_Exercise description_
Give back exactly the lines that start at the one containing "Pensión Peperillo, 格劳斯 — 照片 5" and run to the end of the material, leaving out the pictures.

_Dataset excerpt_
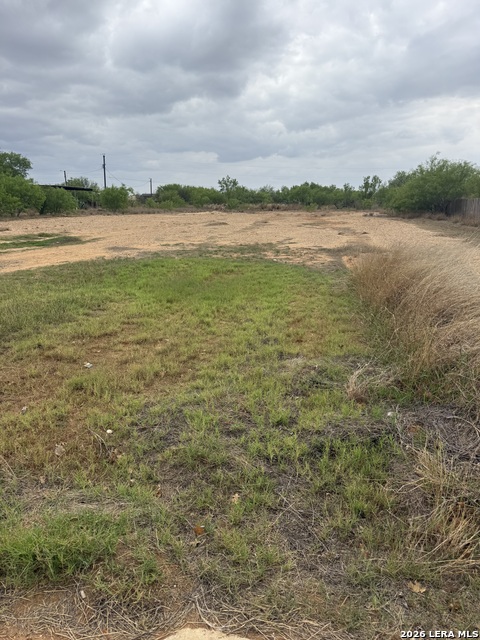 Image 9 of 9 For 1100 County Road 4600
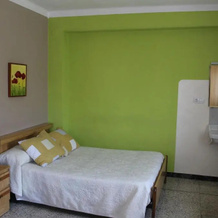 Pensión Peperillo, 格劳斯 — 照片 5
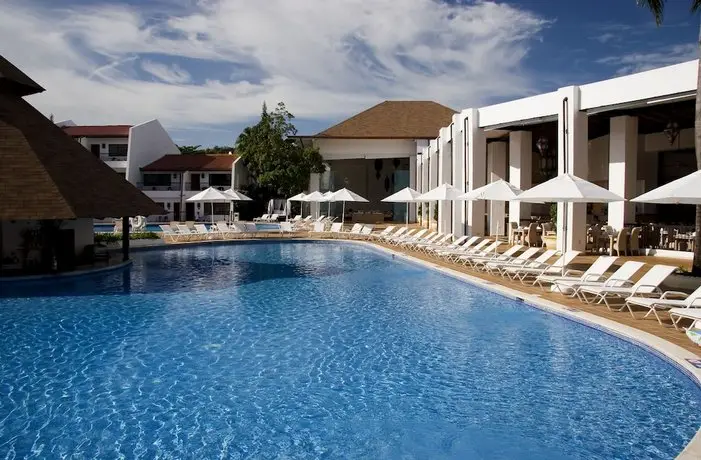 BlueBay Villas Doradas Adults Only-All Inclusive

_Solved problem_
 Pensión Peperillo, 格劳斯 — 照片 5
 BlueBay Villas Doradas Adults Only-All Inclusive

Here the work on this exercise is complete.